**TASK DESCRIPTION**:
Once you find the line with "Notitieblok van het" in the entries below, return exactly every line from it through the line with "Mattex XL black".

**GIVEN DATA**:
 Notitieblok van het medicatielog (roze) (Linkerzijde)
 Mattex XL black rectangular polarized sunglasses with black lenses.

---

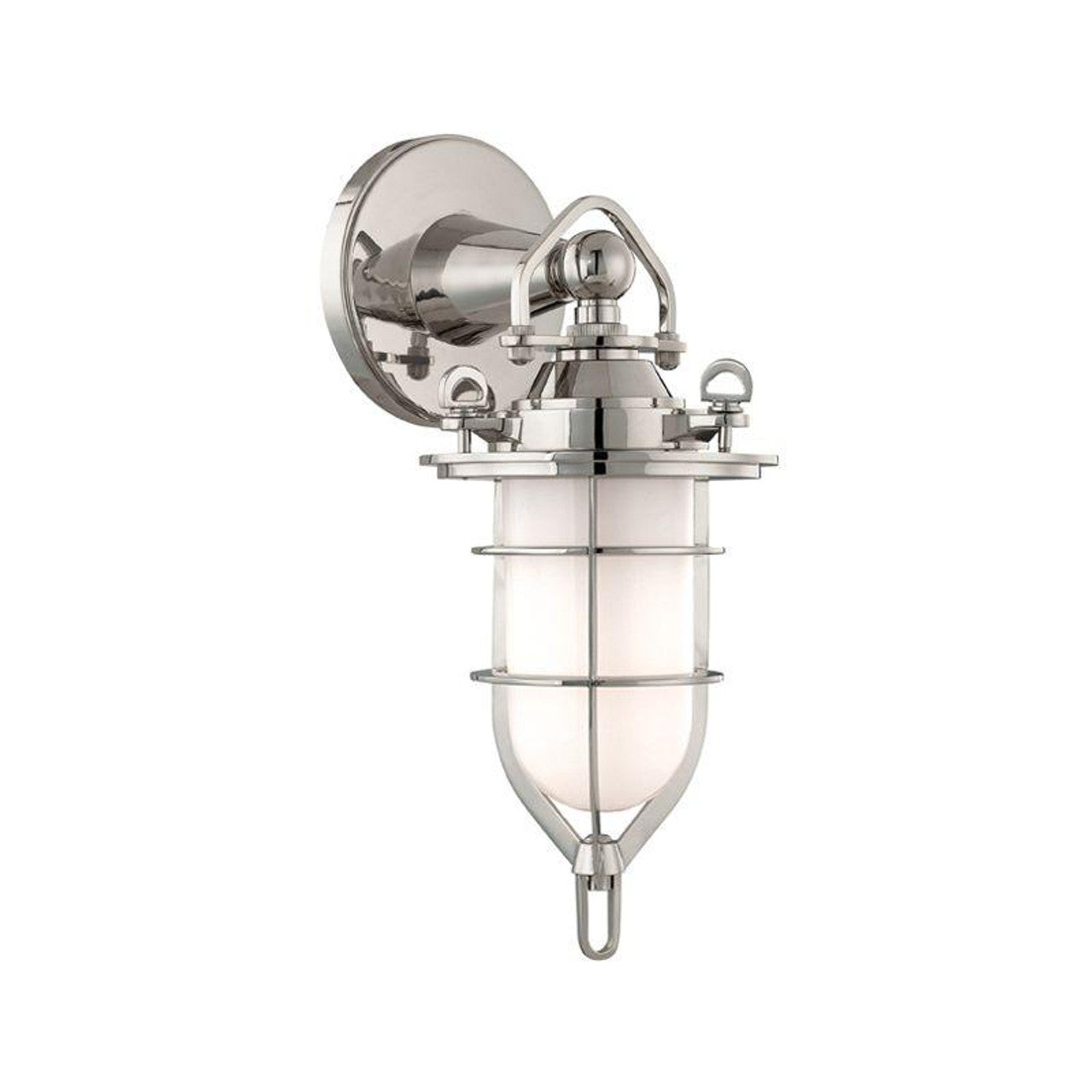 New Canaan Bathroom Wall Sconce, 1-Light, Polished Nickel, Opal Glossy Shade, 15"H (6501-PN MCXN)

**ANSWER SPACE**:
 Notitieblok van het medicatielog (roze) (Linkerzijde)
 Mattex XL black rectangular polarized sunglasses with black lenses.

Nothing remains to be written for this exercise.